OPINION:
There is no question about North Korea’s drive to achieve intercontinental ballistic missile capability. The objective is clear: to be capable of launching a pre-emptive nuclear attack against the United States. Of course, with Pyongyang’s multiple ballistic missile launches into the Sea of Japan, it was not only a signal to Japan but to the United States as well. Clearly, such actions are destabilizing. However, what is more destabilizing is our failure over the past two decades to address this threat in any concrete manner. Further, we should never forget that North Korea is the “off-site laboratory” for Iran’s nuclear weapons program.
For more than 25 years, we have tried to negotiate with one of the world’s leading state sponsors of terrorism and our reward is a nuclear missile-armed North Korea. Economic sanctions have been a complete failure primarily due to the support provided North Korea by China, Russia and Iran. In the darkest days of the Cold War, we were always under the threat of a pre-emptive intercontinental ballistic missile attack launched by the Soviet Union. With the Soviet Union, we believed we were dealing with a controlled, rational leadership, but with North Korea’s Kim Jong-un, we are faced with an unpredictable sociopath with a paranoid personality. Complicating matters is the fact that North Korea’s destabilizing actions are being carried out under the protective umbrella of China which, like Iran, is using North Korea as its proxy to further its political objective of achieving hegemony throughout the Western Pacific.
Secretary of State Rex Tillerson’s recent trip to the Far East made it very clear that the Obama policy of “strategic patience” is over and that all options are on the table. China predictably replied that more talks should be conducted. Naturally, the undercover “holdover” agents from the Obama administration at the State Department also favor non-threatening economic sanctions and more non-productive discussions.
My response to the “more talks” crowd is that China and North Korea must demonstrate they are serious about negotiations by reducing their nuclear missile threat. For example, Pyongyang’s KN-08 and KN-14 mobile intercontinental ballistic missiles, which can target Washington, D.C., ride on 16-wheel transport-erector-launchers (TELs) made in China. These launchers were covertly made in China by the Sanjiang Special Vehicle Corp. of the China Aerospace Science and Industry Corp. (CASIC), surreptitiously shipped to North Korea and revealed in an April 15, 2012 Pyongyang military parade. Therefore, since China claims they want a denuclearized peninsula, it must take back its TELs as a precondition for any talks. According to Japanese reports, there are eight TELs. Recalling these TELs is key since it is what gives North Korea the mobility to launch a surprise nuclear attack against the United States.

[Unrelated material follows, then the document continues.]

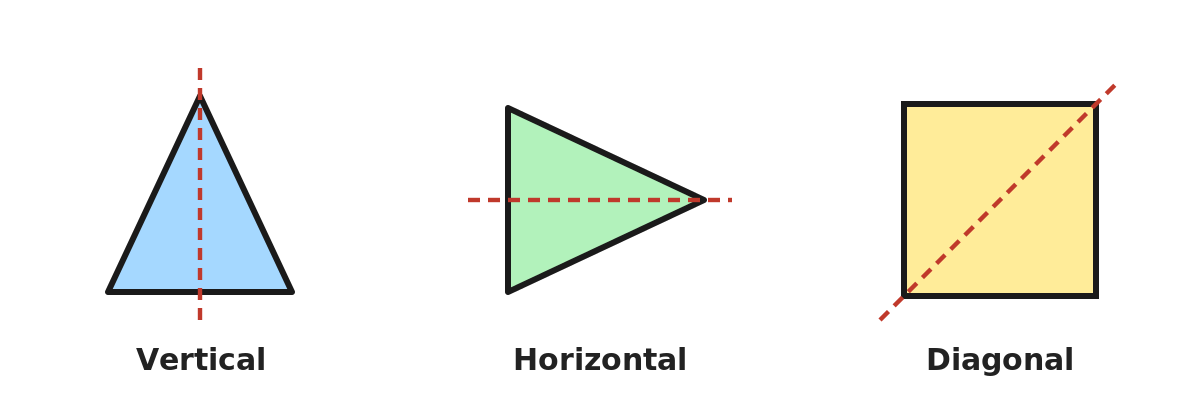 A vertical, a horizontal and a diagonal mirror line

Regardless of what China agrees to, we need to move ahead with our plans to protect the United States and our allies from the threat of an attack from North Korea. Three years ago, Rick Fisher and I discussed in a Washington Times op-ed the possibility of creating an “Asian NATO.” At that time, we thought it was premature since many Asian states preferred to cooperate militarily with the United States on a bilateral basis. Further, long-standing enmities between many countries prevented the building of a formal intra-Asian military alliance. However, with continued aggressive actions by China in both the East and South China Seas, plus the expanding nuclear threat from North Korea, this proposal should be revisited.
As a first step for countries willing to participate, initial communication links could be established with our facilities on Guam. A small planning staff should also be established even prior to the establishment of a formal alliance.
Japan could also send a very positive signal by modifying Article Nine of its Constitution. Such a modification would authorize the establishment of a National Defense Force (NDF) and the prime minister would be its commander in chief. Such a change would permit the NDF to defend Japan’s sovereign territory from a foreign attack, and would also facilitate Japan’s participation in an Asian NATO defensive alliance, as well as other international peacekeeping operations. Such a move by Japan would clearly raise the level of deterrence.
Other actions we need to take on an expedited basis are as follows:
• Upgrade our totally inadequate anti-ballistic missile (ABM) system. Currently, we have no capability against hypersonic-maneuvering warheads. Fortunately, there is a software that has been tested with an 90 percent-plus kill effectiveness that needs to be installed now in all current ABM systems, including the Aegis SM-6 system, which would completely neutralize China’s anti-ship ballistic missile.
• Harden our electric grid against an electromagnetic pulse (EMP) attack. We cannot overlook the fact that North Korea has two satellites (KMS-3 and KMS-4) currently orbiting over the United States. If these satellites are nuclear-armed, they could carry out an EMP attack. We must be ready to neutralize these satellites.
• To restore strategic balance, we need to reinstall tactical nuclear weapons on our deployed submarine forces in the Western Pacific. It also must be made very clear that if North Korea launches a nuclear attack, the nation will no longer exist.
Implementation of the above actions will not only send the appropriate message to our adversaries but reverse a long decline in our deterrent capability.
• James A. Lyons, a retired U.S. Navy admiral, was commander-in-chief of the U.S. Pacific Fleet and senior U.S. military representative to the United Nations.